The lorne sausage, also known as square sausage, slice sausage or a flat sausage, is a traditional Scottish food usually made from ground meat, rusk and spices. It is commonplace in traditional Scottish breakfasts.

Contents

History

The exact origins of the lorne sausage remain unclear, but it remains a favourite in Scottish cooked breakfasts and is often eaten in the Scottish variant of the full breakfast or in a breakfast roll. The sausage is also an appropriate size to make a sandwich using one or two slices from a plain loaf of bread.

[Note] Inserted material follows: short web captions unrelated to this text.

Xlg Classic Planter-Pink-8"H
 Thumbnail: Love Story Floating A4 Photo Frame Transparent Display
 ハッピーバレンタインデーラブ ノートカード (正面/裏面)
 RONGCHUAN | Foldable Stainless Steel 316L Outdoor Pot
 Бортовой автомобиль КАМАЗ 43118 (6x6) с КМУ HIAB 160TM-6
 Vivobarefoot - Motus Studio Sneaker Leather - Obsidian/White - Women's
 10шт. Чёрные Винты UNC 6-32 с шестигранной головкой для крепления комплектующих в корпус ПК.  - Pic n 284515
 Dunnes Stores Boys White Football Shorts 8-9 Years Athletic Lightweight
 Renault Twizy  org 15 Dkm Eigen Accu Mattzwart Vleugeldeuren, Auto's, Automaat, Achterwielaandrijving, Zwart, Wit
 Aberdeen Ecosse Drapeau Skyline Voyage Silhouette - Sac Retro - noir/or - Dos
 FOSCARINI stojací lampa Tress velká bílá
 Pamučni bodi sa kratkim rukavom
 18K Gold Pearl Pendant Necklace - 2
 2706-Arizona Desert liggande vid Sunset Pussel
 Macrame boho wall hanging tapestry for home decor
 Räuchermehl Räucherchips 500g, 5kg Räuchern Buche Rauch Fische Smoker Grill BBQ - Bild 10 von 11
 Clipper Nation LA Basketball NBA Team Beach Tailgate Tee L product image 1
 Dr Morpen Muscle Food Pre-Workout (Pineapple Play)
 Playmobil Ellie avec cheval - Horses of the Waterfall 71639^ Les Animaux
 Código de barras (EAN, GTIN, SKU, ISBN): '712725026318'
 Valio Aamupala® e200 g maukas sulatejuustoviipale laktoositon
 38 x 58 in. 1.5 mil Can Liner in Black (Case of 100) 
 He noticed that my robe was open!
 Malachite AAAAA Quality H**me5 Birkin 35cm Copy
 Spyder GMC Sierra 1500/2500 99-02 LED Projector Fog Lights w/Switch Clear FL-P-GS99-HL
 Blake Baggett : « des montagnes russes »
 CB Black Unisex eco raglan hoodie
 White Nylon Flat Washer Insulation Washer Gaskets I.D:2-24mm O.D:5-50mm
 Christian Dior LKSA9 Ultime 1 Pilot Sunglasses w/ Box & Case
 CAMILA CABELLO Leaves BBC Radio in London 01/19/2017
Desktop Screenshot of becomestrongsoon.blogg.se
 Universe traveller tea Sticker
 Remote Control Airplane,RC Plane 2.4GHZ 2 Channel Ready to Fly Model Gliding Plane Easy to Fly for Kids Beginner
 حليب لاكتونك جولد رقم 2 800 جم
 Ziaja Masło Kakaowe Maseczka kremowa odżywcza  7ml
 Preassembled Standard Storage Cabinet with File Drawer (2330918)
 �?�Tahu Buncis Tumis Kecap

In 2009 there was a campaign to grant protected status to the lorne sausage, meaning it could only bear the name 'lorne sausage' if it was made in Scotland.

Preparation

Sausage meat – which is a mixture of pork and beef – is minced and then mixed with rusk and spices and is set in a rectangular cuboid tin. Once set, it is sliced into pieces generally about 10 cm square by about 1 cm thick. The sausage is rarely a perfect square given the minced state of the meat. Unlike other forms of traditional sausage, square sausage is not encased in anything and needs to be tightly packed into a mould to hold it together.

Name

There are two main theories as to where the name of the sausage originates:

  • Named after Tommy Lorne, a Scottish music hall comedian of the 1920s.
  • Named after the region of Lorne in Argyll.